Monday, 20 November 2006

requiem [dir. hans-christian schmid]

I was told that this was a horror movie. That might be the result of my informant's lack of attention to detail, or it might have been misleading publicity. There is certainly more than a hint of The Exorcist about the film, and there's a rumour that this was the case that seminal horror was based on.

Horror movies get made and horror movies sell. The shelves of DVD rental shops are littered with low-budget, cheaply made horror flicks, responding to our carnal need to be scared within a secure environment. Most horror movies are cynical exploitations of some kind of acute suffering. Requiem boasts that it is based on a true story. It's German. There has to be something terrifying in store, I thought as I settled back into the Curzon Soho seat. However...
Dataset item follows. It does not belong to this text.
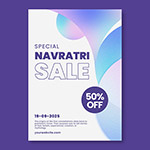 �޻����̵���N(xi��o)����(b��o)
Requiem is not a horror movie. Yes, it does feature an exorcism, but this is not a Friedkin, heads- spinning exorcism. This might even be the real deal. The camera hovers outside the room where the exorcism takes place, reluctant to intrude on Michaela Klinger's torment. An afternote informs us that this is just the first in a series of exorcisms she will undergo.
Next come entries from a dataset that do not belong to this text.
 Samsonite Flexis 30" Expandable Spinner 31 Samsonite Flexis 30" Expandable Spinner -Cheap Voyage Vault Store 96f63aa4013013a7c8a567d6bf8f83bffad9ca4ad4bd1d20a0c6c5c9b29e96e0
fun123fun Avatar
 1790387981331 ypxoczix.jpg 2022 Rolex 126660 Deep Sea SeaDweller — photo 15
The director, Hans-Christian Schmid, isn't interested in the sensational, box office aspects of the story. He's interested in Michaela. The film makes us make friends with her, just as her two suprisingly decent university friends do. She's an epileptic oddball, on the cusp of implosion, and she knows it. She may be possessed by demons, she may not be. It depends on what you believe in. Michaela, as she tells her new class on her first day at University, believes in God. Her class mates laugh at her, but the teacher of pedagogy asks one of them what they believe in, and all they can say is they don't know.
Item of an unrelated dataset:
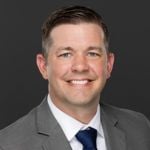 Chad D. Brakhahn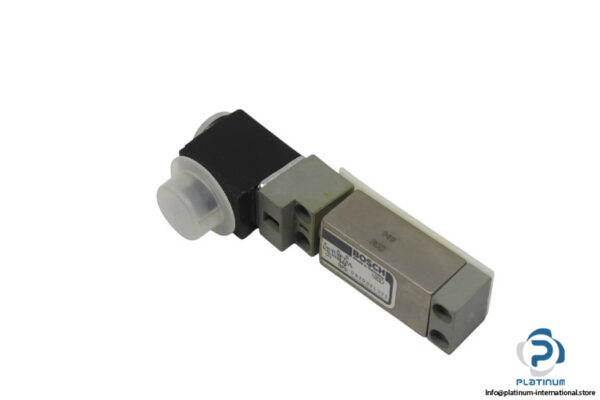 bosch-0820021021-single-solenoid-valve-(New)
In a sense, Requiem is a rites of passage movie: young woman goes from sheltered background to university, finds herself. The unsettling thing is the self she finds seems to belong to the Dark Ages. In a remarkable performance, Sandra Huller suggests that Michaela has chosen her fate, absorbed it like the saint she reveres, or a mother, or a businesswoman. A weaker performance from the leading actress would leave Michaela looking like a victim or a psychotic, but Huller manages to incorporate Michaela's unimpeachable selfhood into everything she does, whilst others around her are influenced by superstition or peer pressure.

Requiem is not always an easy ride. There are no cheap thrills. Being possessed by demons, be they real or imagined, is not an easy or a thrilling experience, the film suggests. Meticulously located in what one imagines to be an accurate recreation of the seventies, this is the flip-side of The Exorcism, and all the tacky 'horror' that film spawned. A braver legacy is implied, whose suffering is so acute the director refuses to dwell on it, instead celebrating the life this cursed woman lead.